Unnamed: 0,derived_from_subject,source_material_type
0,ICBI-000010,Primary Tumor
1,ReferenceMix,Not Reported
2,ICBI-000002,Primary Tumor
3,ICBI-000002,Solid Tissue Normal
4,ICBI-000003,Primary Tumor
5,ICBI-000003,Solid Tissue Normal
6,ICBI-000001,Primary Tumor
7,ICBI-000001,Solid Tissue Normal


This 8-plex has three tumor-normal pairs where a comparison makes sense.
The ReferenceMix is in there for normalization in the way Chris suggested (scientific not 3NF type normalization!).
What can we do with the tumor from ICBI-000010? There's no normal in there for comparison. 
Finished with digging for now, but am guessing another plex exists where it is compared with its normal partner specimen.
Does that give an additional way to normalize the relative values across plexes?

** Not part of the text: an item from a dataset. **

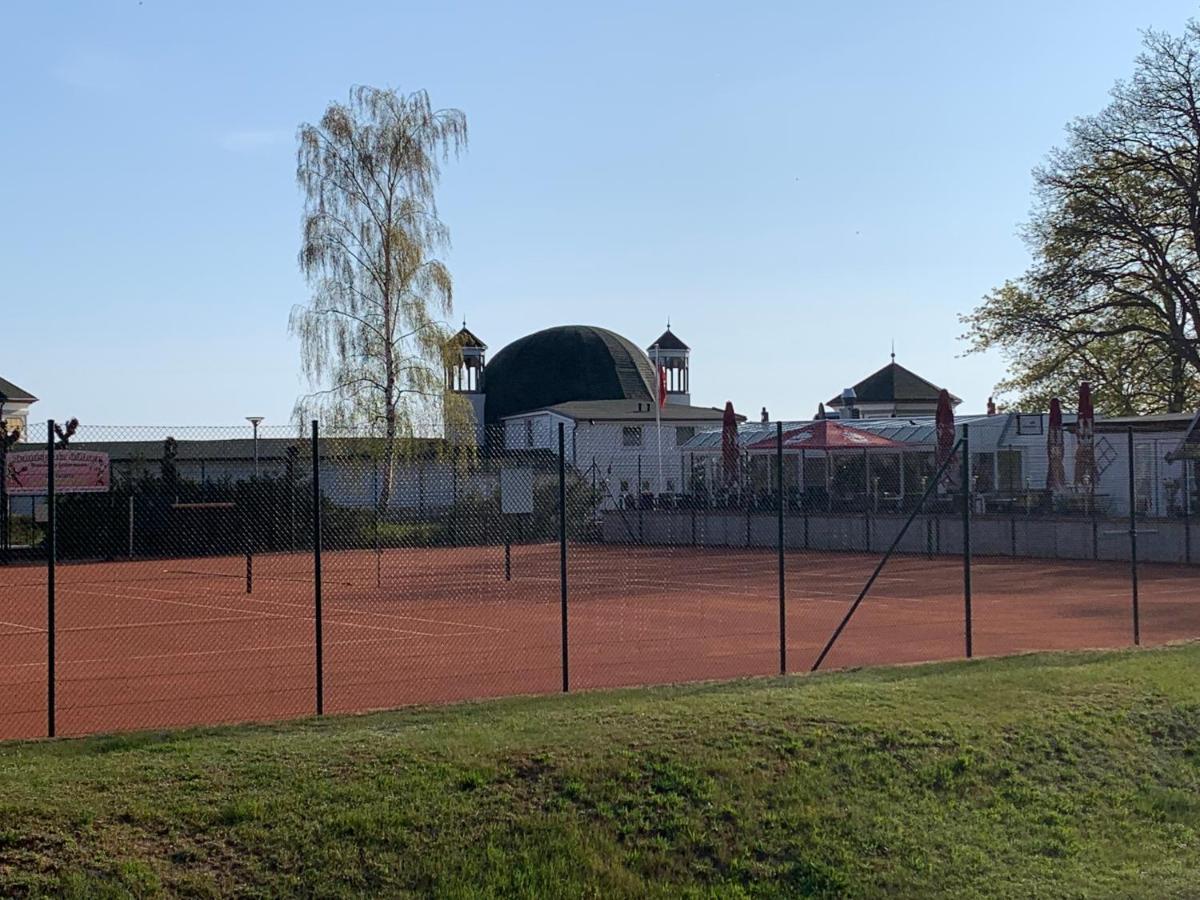 Villa Kehrwieder Goehren  Εξωτερικό φωτογραφία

Does one scatter individual 
samples like this across the plexes for that purpose?

### Conclusions
The observations here give rise to some CDA feature/CRDC-H model considerations. Surfacing these as [cda-python/issues/105](https://github.com/CancerDataAggregator/cda-python/issues/105).

While it’s mechanically true that a file derives from two separate samples, the scientific relevance of the file in these examples is in what it says about the case. The mechanistic part is certainly relevant when we want to think about reproducibility, but at a clinical, or other level where we want to make biological inferences, the focus is on seeing the forest rather than the trees. CDA was set up more to address the latter focus. That has been a driver for the model. The examples here may help move things in the right direction.

How you set your plexes up determines the ‘meaning’. And meaning is semantics. Those semantics are created by the study investigators. The designers of the CPTAC studies knew these designs/models from the get go. We are uncovering them retrospectively.
 
The potential value of capturing study specific models/designs that were created by the investigators has been highlighted before. There should indeed be a common model, but it should be a model that allows capture and communication of the study specific models. These proteomics studies and their availability in CDA allow us to explore this with real data. 



#### A retrospective observation:
Wiht the benefit of hindsight we can see that a clue to the file being composed of a specific number of samples was hiding in plain sight. The experiment type attribute of the file had this coded in.
Experiment type TMT11 has 11 aliquots, iTRAQ8 has 8, iTRAQ4 has 4 and TMT10 has 10.